Extracted records
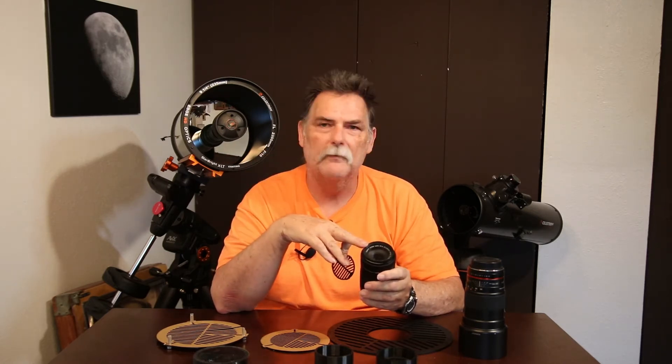The masks all go on the beginning of your optical train — whether that's a camera and lens or a telescope you're doing astrophotography with. On a camera lens, this one is designed for a 72 millimeter filter diameter and it actually just snaps into place within the filter thread. One thing you have to pay attention to is that on this particular lens, the focus is achieved within the lens using internal elements.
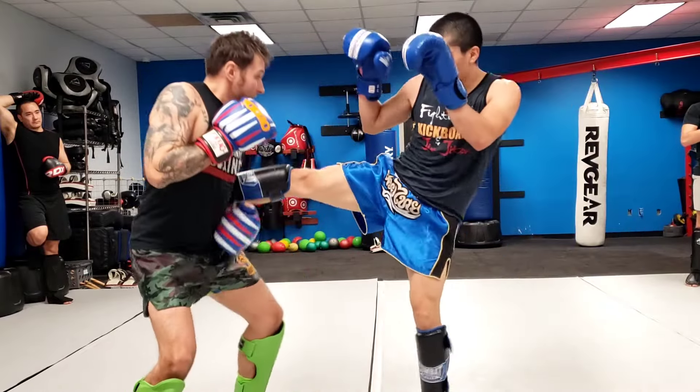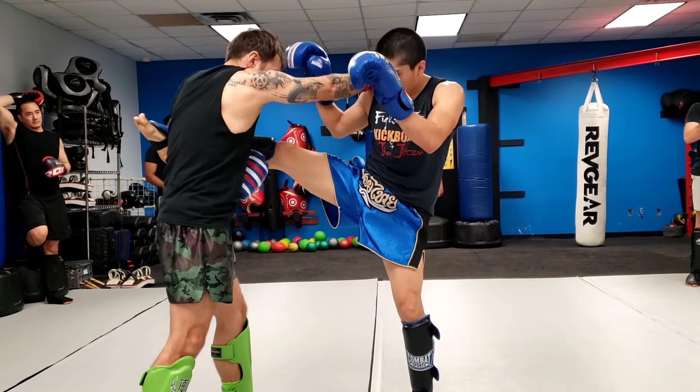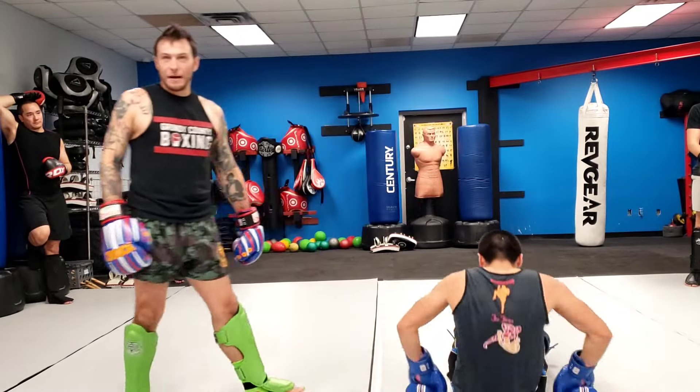Catch the kick. Lift it up high. Hike it just like playing football. Hand comes here. Don't kick at it — kick and pull. I pull his leg out to make him hit that floor.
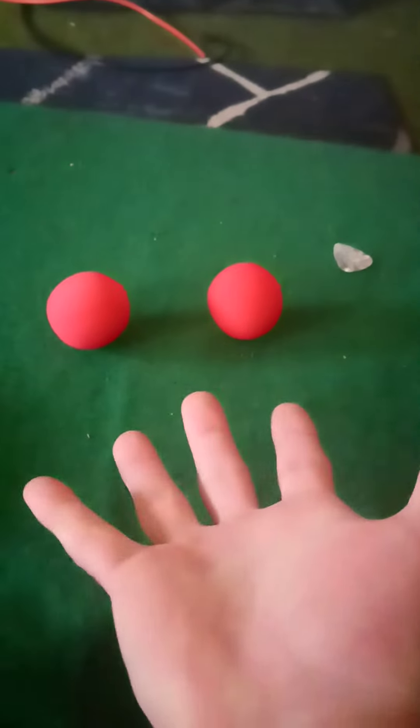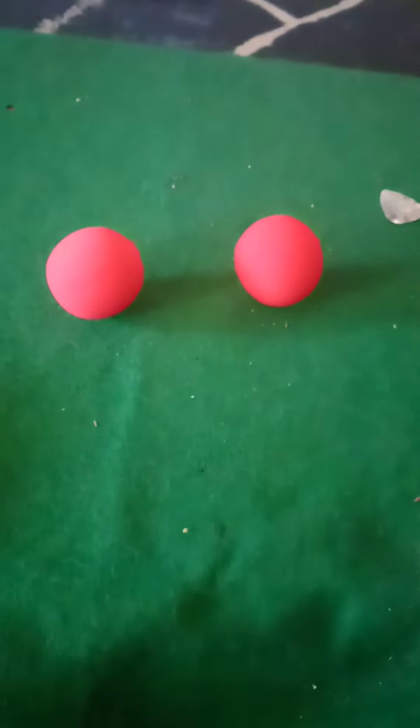Comment down below what you think just happened — this was crazy! Is it splitting atoms? I don't know. Anyway, just wanted to share this with you guys. Thought that was pretty cool, so peace!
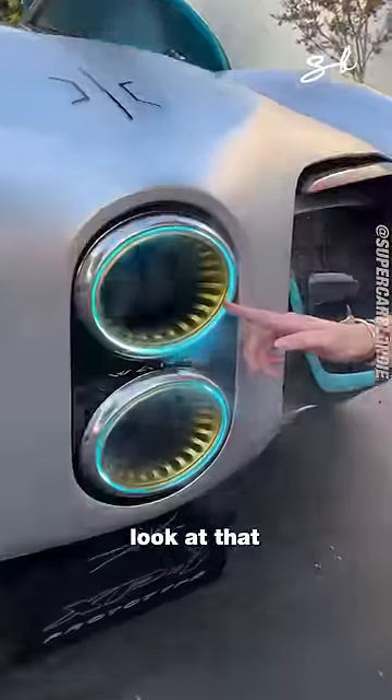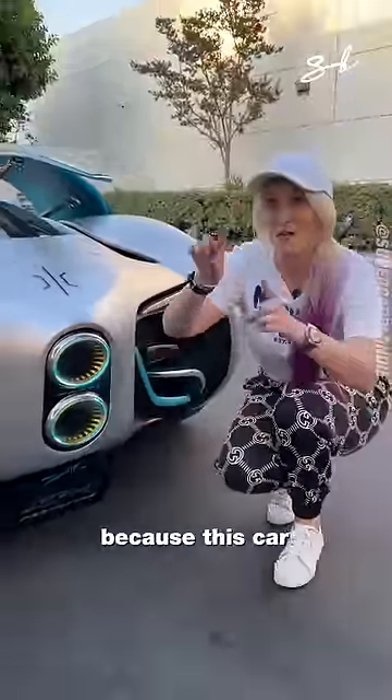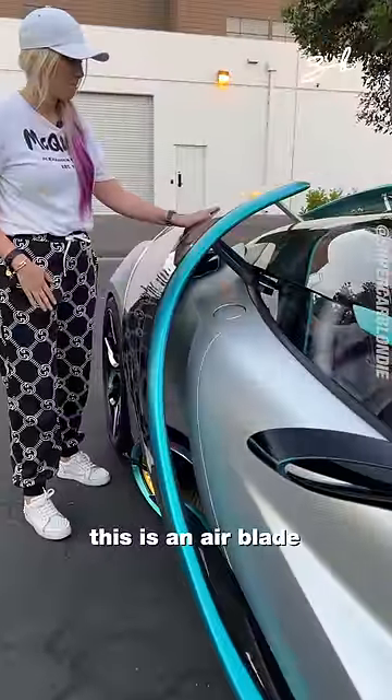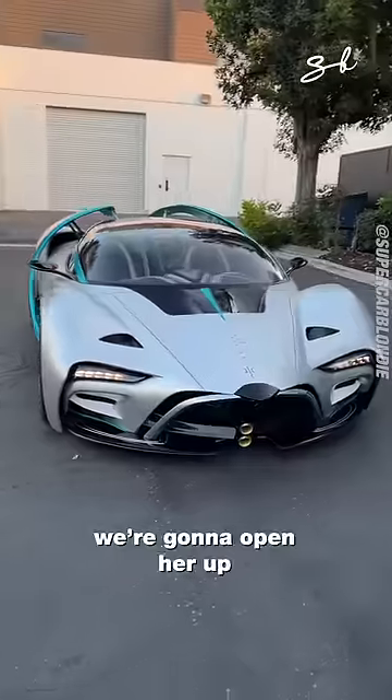Check this out guys, look at that — all water vapor, because this car runs on hydrogen. This is an air blade that wraps around the car and actually moves back up again. That's for better aerodynamics. Ready? We're gonna open her up.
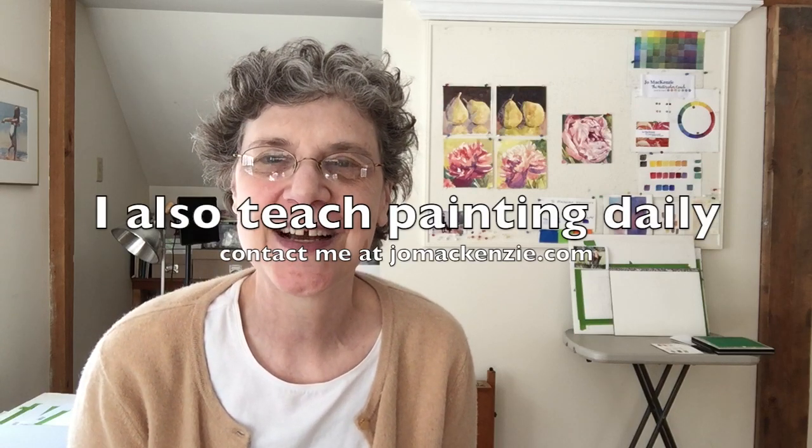Remember to keep the white to your paper white, and your paint wet. Come see me at joemckenzie.com and join my YouTube channel. I'll see you next time. Bye-bye.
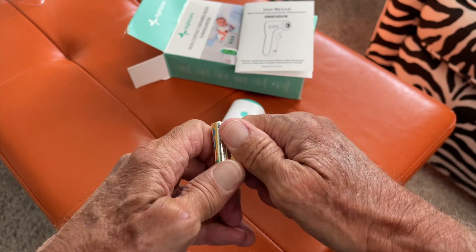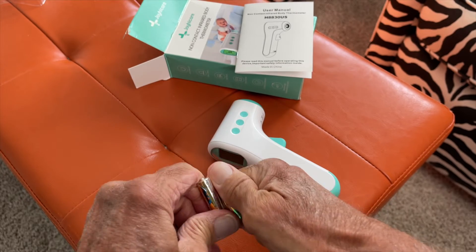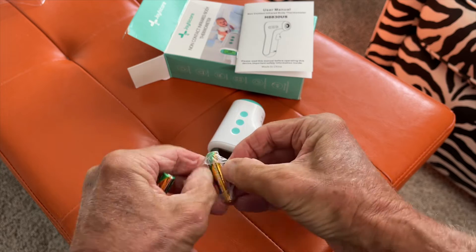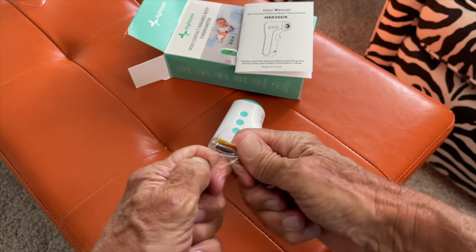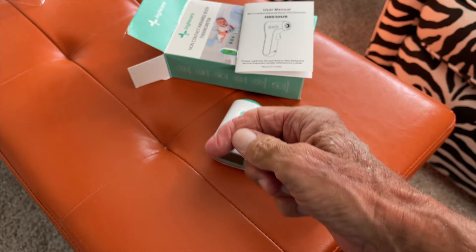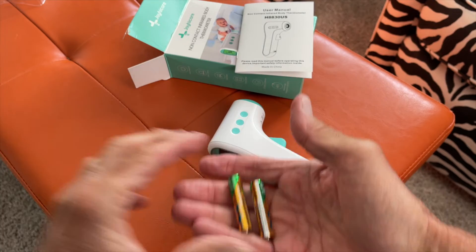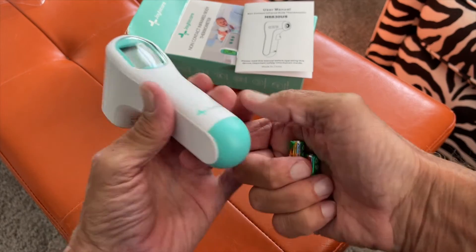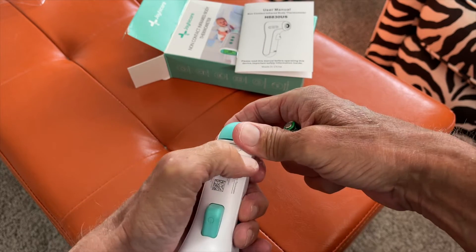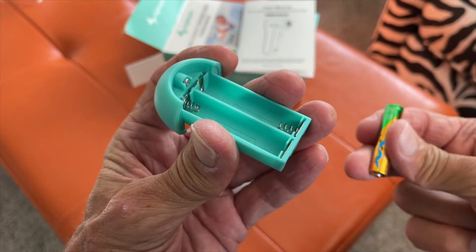Let's go ahead and open this up. I'm going to do a little twist on it to get them free. Getting stuff out of the package is the hardest part of everything. We've got our two batteries, and I'm assuming this works kind of like the other one — you push this and it pops open. Pretty simple.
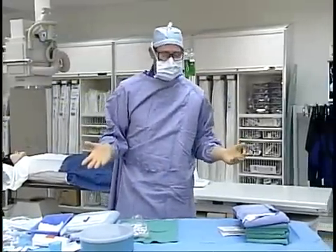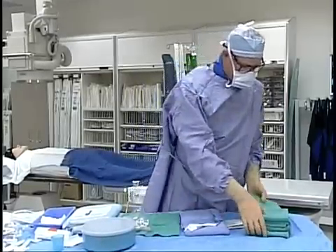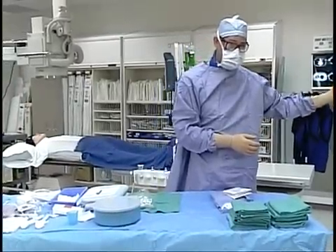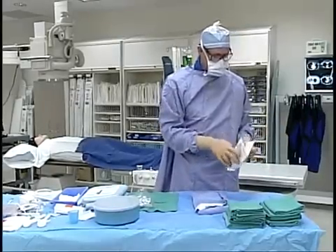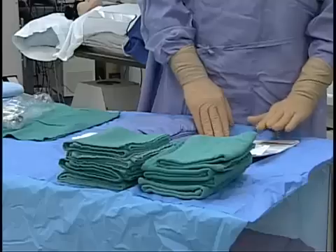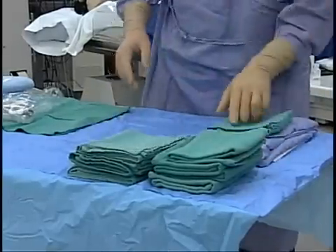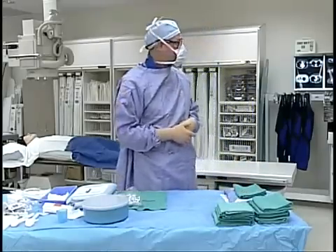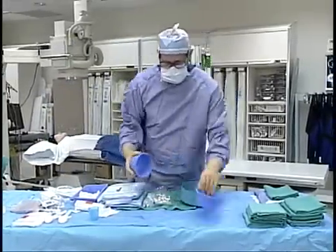We are now ready to arrange the table and the sterile products on the table in a manner that will be efficient for doing the procedure. The gloves and towels are placed on the side the doctor will come in when he scrubs. Things he's going to need are placed in reverse order: he will glove last, so his gloves go here with the label facing the right way up because he will be gowned differently. Then the gown and a towel, since he will dry his hands, then glove, and the assistant will help him put on his gloves.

EXERCISE DIRECTIONS - Working from the records above, reproduce exactly the lines from the one with "Check this out" through the last line, without the pictures.

RESULT -
Check this out guys, look at that — all water vapor, because this car runs on hydrogen. This is an air blade that wraps around the car and actually moves back up again. That's for better aerodynamics. Ready? We're gonna open her up.
Remember to keep the white to your paper white, and your paint wet. Come see me at joemckenzie.com and join my YouTube channel. I'll see you next time. Bye-bye.
Let's go ahead and open this up. I'm going to do a little twist on it to get them free. Getting stuff out of the package is the hardest part of everything. We've got our two batteries, and I'm assuming this works kind of like the other one — you push this and it pops open. Pretty simple.
We are now ready to arrange the table and the sterile products on the table in a manner that will be efficient for doing the procedure. The gloves and towels are placed on the side the doctor will come in when he scrubs. Things he's going to need are placed in reverse order: he will glove last, so his gloves go here with the label facing the right way up because he will be gowned differently. Then the gown and a towel, since he will dry his hands, then glove, and the assistant will help him put on his gloves.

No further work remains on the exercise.